The recently arrived Przewalski’s horses (4 males and 12 females) come from the Hortobágyi National Park (Hungary) and have joined a first group of ten horses brought to the same area last May, with which the good adaptation of this subspecies to the territory has been verified.
The Hortobágy National Park, in a unique way in Hungary, has been keeping Przewalski’s horses since 1997 and helping several rewilding projects with its population of 300 individuals.
An opportunity for ecotourism and conservation
The newly arrived animals will spend a few weeks of adaptation in a 40-hectare fenced area and after this period, the total of the 28 specimens that now make up the herd will roam freely through an area of 5,700 hectares of public forest in Villanueva de Alcorón, whose grazing rights are managed by Rewilding Spain. These forests will become the first place in Western Europe where Przewalski horses will roam freely in the wild.
In addition to the ecological benefits for the territory, this rewilding action also provides an opportunity for ecotourism and the development of nature-based activities. Furthermore, the presence of Przewalski’s horses in Villanueva de Alcorón will add a relevant contribution to the conservation of the subspecies, of which only barely 2,000 specimens remain.
The Iberian Peninsula was once roamed by wild horses with very similar physical features to Przewalski’s horses, as evidenced by engravings and cave paintings, such as those in Altamira. However, these disappeared around 4000 years ago. With livestock numbers in the Iberian Highlands landscape significantly diminished, the Przewalski’s horses will fulfil the same ecological role as the extinct Iberian wild horse and more contemporary domesticated herbivores.
Rewilding Spain also promotes natural grazing in other areas of the landscape with native semi-wild horse breeds, such as Pottokas and Serrano horses.

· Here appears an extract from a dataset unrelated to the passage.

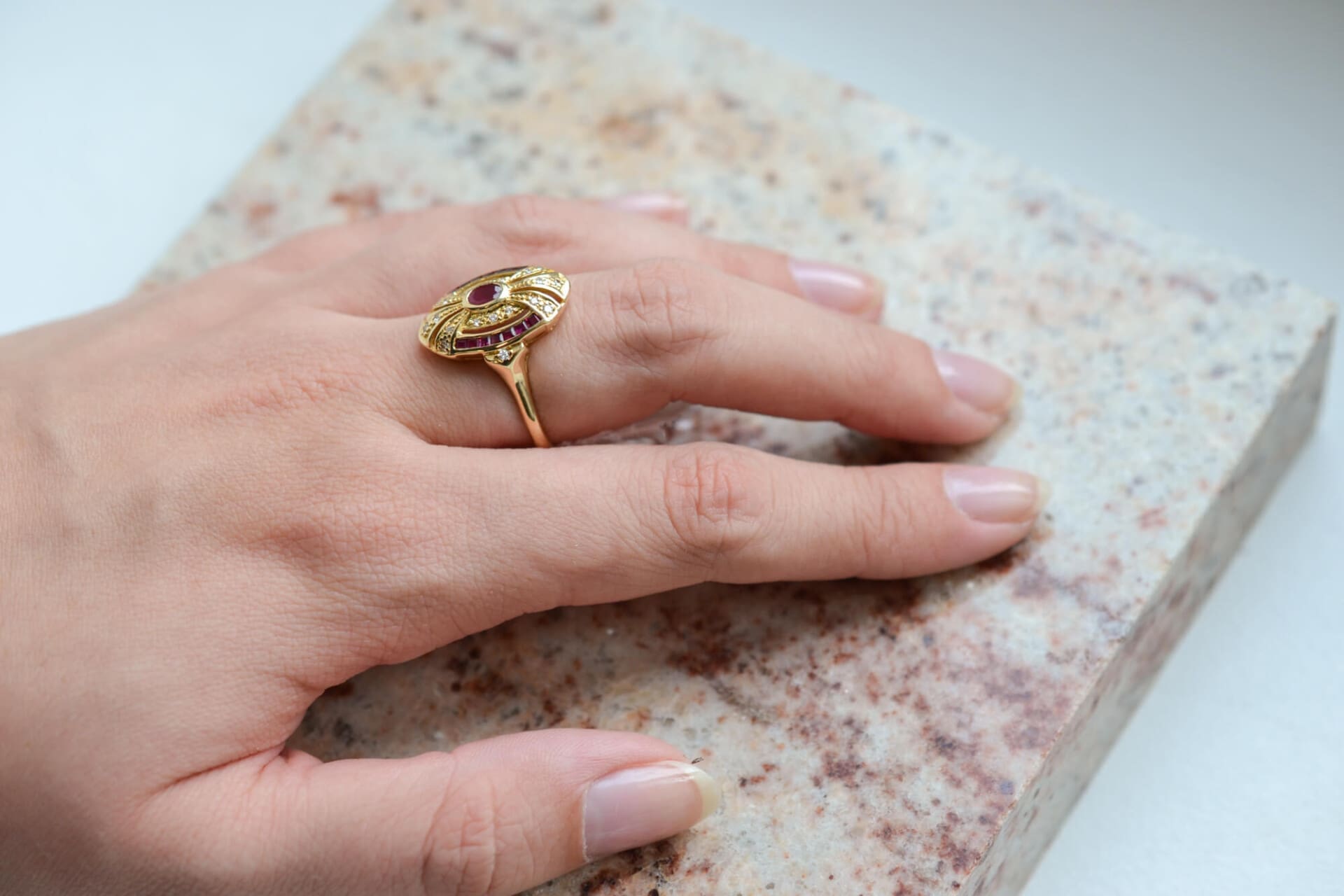 Bague Ovale Rubis et Diamants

Benefits for nature, benefits for people
Both the public administrations and the inhabitants of Villanueva de Alcorón and surrounding municipalities have been informed about this action throughout the process that has now culminated.
Iberian Highlands’ team leader, Pablo Schapira, highlighted the importance of the ecological role of these large herbivores in the area: “These horses are going to contribute to making this landscape more heterogeneous and richer in terms of biodiversity, which is essential for reducing vulnerability to wildfires.”
In addition to the benefits for nature, Rewilding Spain is confident that the unique opportunity represented by the presence of Przewalski’s horses in Villanueva de Alcorón can also become a powerful driver for economic development. “We have already created two jobs for residents of Villanueva de Alcorón and we are convinced that the potential for ecotourism is huge, because this municipality has now become a unique place in Europe.”
The mayor of Villanueva de Alcorón, Faustino Martínez, stated: “Having these horses is a milestone for us, as this is an endangered species and we have them in Villanueva de Alcorón in this pioneering experience in Spain. We believe it can be a strong point to support our economy, tourism and also for pastures regeneration. We are happy with this initiative proposed by Rewilding Spain and we will continue to support it as much as we can.”